Fosdick-Nelson Gallery hosting 'Painting As Is'
Alfred University’s Fosdick-Nelson Gallery will host an exhibition, Painting as Is, opening Friday, Jan. 31, and remaining on view through Feb. 25.
ALFRED, NY – Alfred University’s Fosdick-Nelson Gallery will host an exhibition, Painting as Is, opening Friday, Jan. 31, and remaining on view through Feb. 25.
The exhibition is curated by Heidi Hahn, assistant professor of painting, Alfred University School of Art and Design, and Tim Wilson, a painter who has artwork included in the exhibition. Most of the participating artists currently live and work in Brooklyn and or New York City and graduated from top MFA programs such as Yale, Columbia and School of the Art Institute of Chicago.
An opening reception will be held in the Fosdick-Nelson gallery from 6-8 p.m. Friday, Jan. 31.
Artists with work in the exhibition are: Beverly Acha, Julia Benjamin, Henry Chapman, Adam Henry, Dana Lok, Stephanie McMahon (professor of painting, School of Art and Design, Alfred University), James Miller, Bridget Mullen, Alice Tippit, Owen Westberg, Roger White, and Tim Wilson.
Full curators’ statement, Painting as Is:
“This show brings together a group of artists with a keen interest in the blunt facts of painting. Facts, that when deployed, demonstrate a wide range of pictorial languages that stretch across and live within abstraction and representation. The paintings in this show perform a kind of formal call-and-response that is tethered to painting’s rich history but also give rise to each artist’s unique voice.
“The structure and fluidity of painting is palpable in these works, opposing attempts at covering their tracks in service of image or idea. Yet ideas, images, and the mystery of their making abound. No matter the application, whether poured, sprayed, brushed, scraped, or glued, these artists navigate their own systems of materiality in confident and pragmatic ways. Historical influence and painted surface are baked together like glaze on ceramic tiles.
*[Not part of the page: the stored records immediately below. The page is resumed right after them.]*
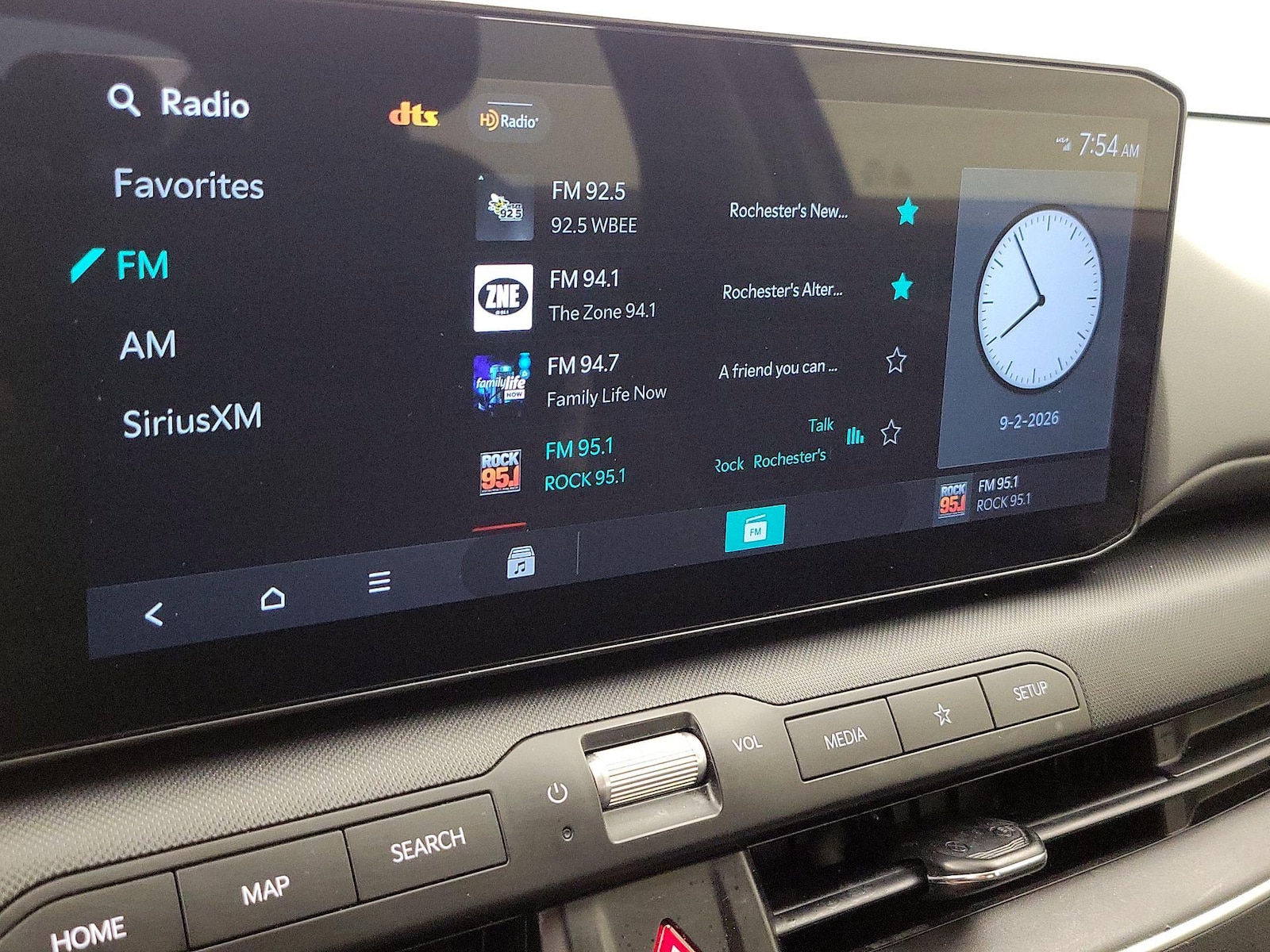 2025 Kia K4 LXS - Photo 16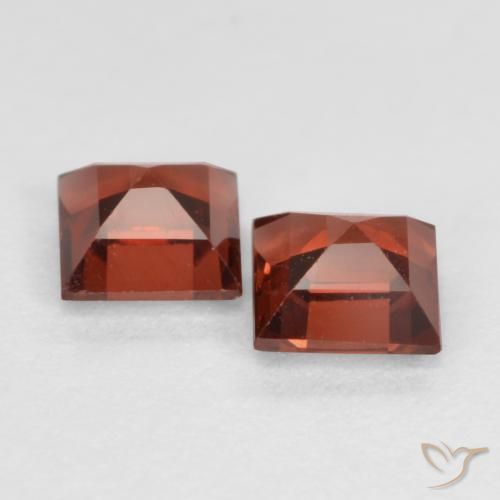 Shop natural 0.87ct Rouge moyen Grenat pyrope gems, Carré, from Mozambique at GemSelect. In stock, global shipping!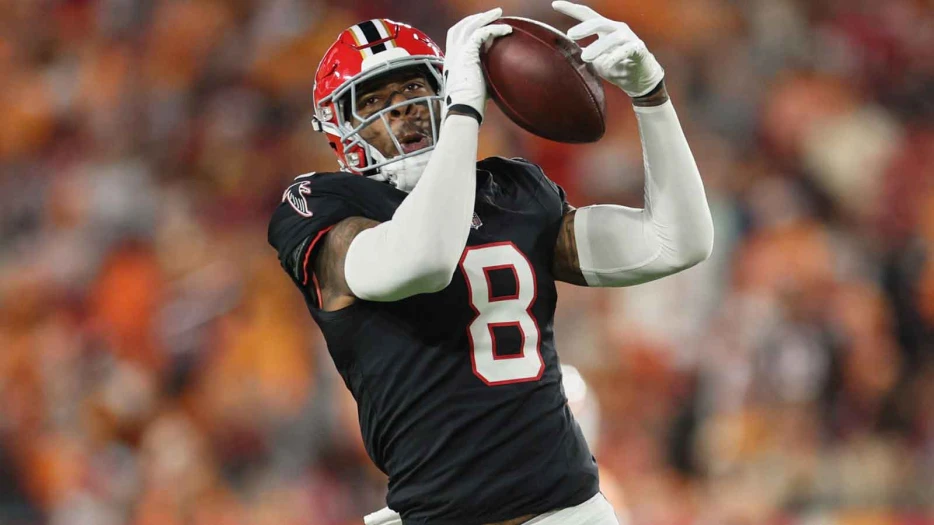 Falcons’ Kyle Pitts pops up on injury report with nagging knee problem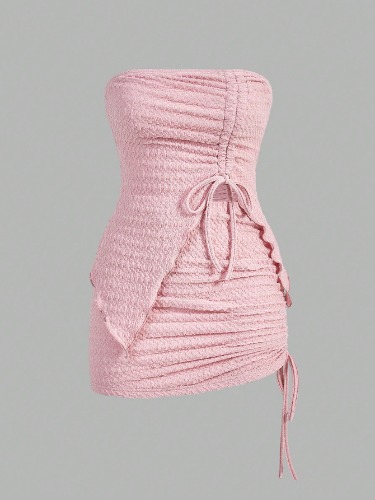 SHEIN x Marika Sila SHEIN ICON Conjunto rosa de top y falda sin tirantes con detalles de cordón y borde con forma de lechuga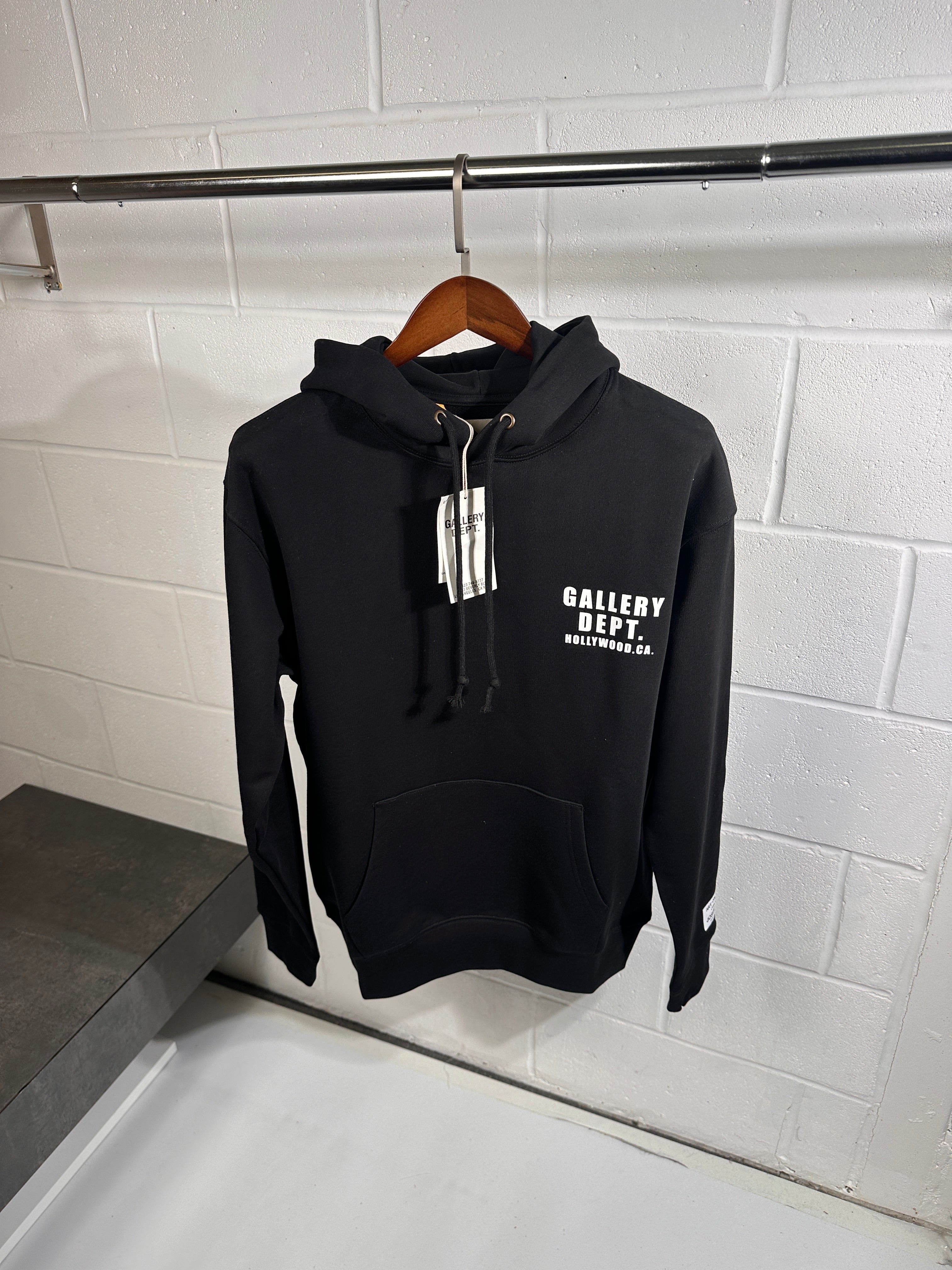 Sweat à capuche noir Gallery Dept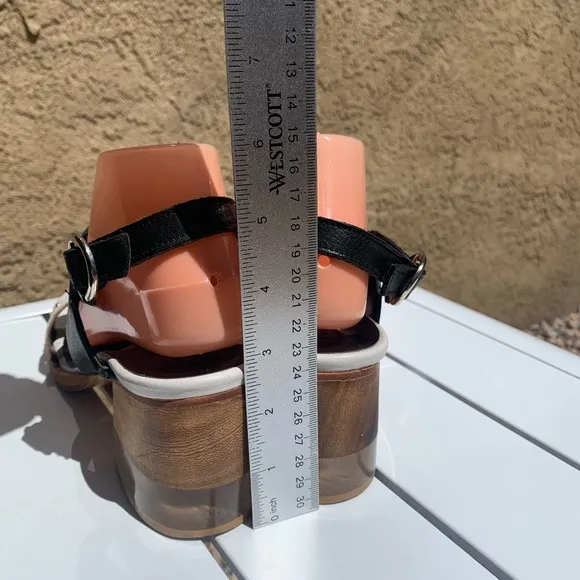 Justa Osadia designer sandals black and white leather size 40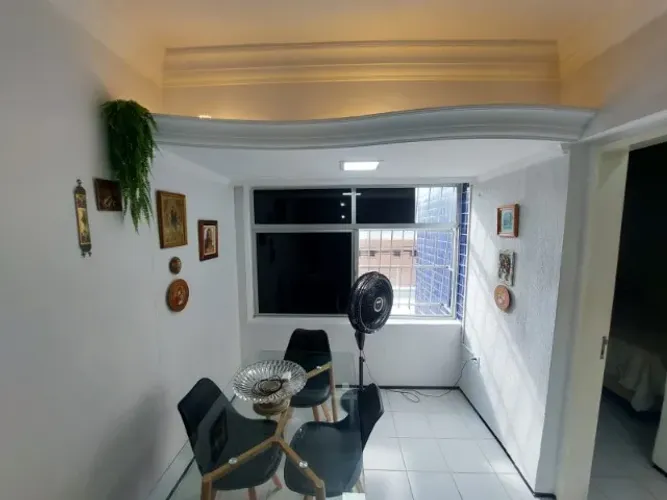 Apartamento Mobiliado na Aldeota. 3 quartos. 1 vaga de Garagem. Elevador.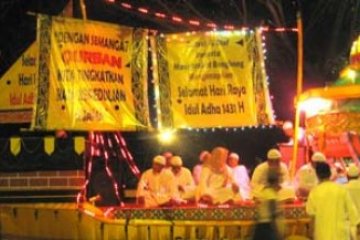 Kapal di Malam Takbir di Batam 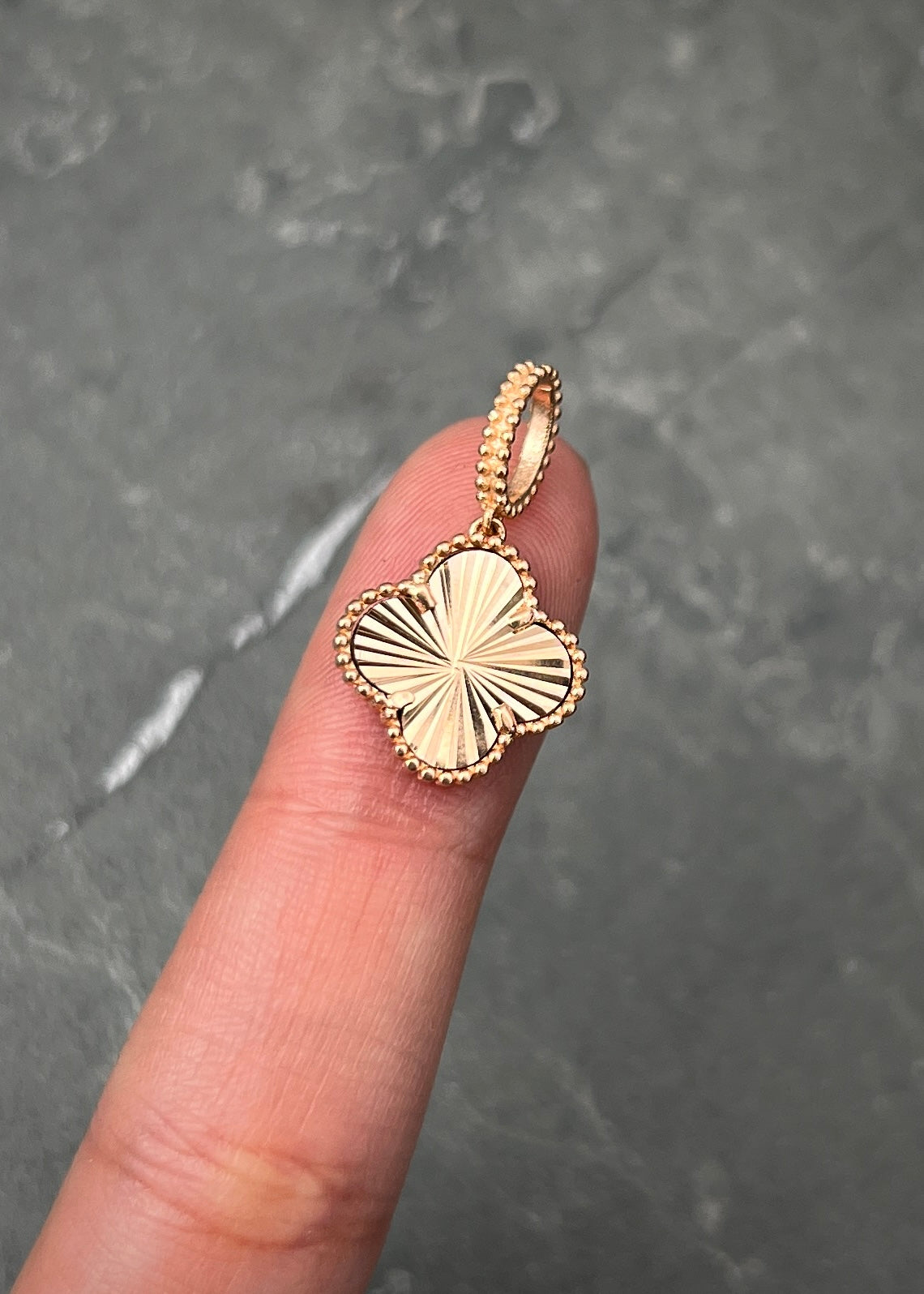 Dije lucky clover diamantado 2.55gr / Largo 2.3cm / Oro Rosado Nac B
“In these works, we ostensibly see color and form, the accumulation of flat marks that register as images of a recognizable world: measured shapes of color evoke objects, arabesque forms hold together the picture plane, and observations tempered by a delicate touch seemingly convey recollections of a fleeting moment. However, these readings, like much of our understanding of the perceptual world, are conjectures that serve as evidence of the porous threshold through which inert materials pass into thought.”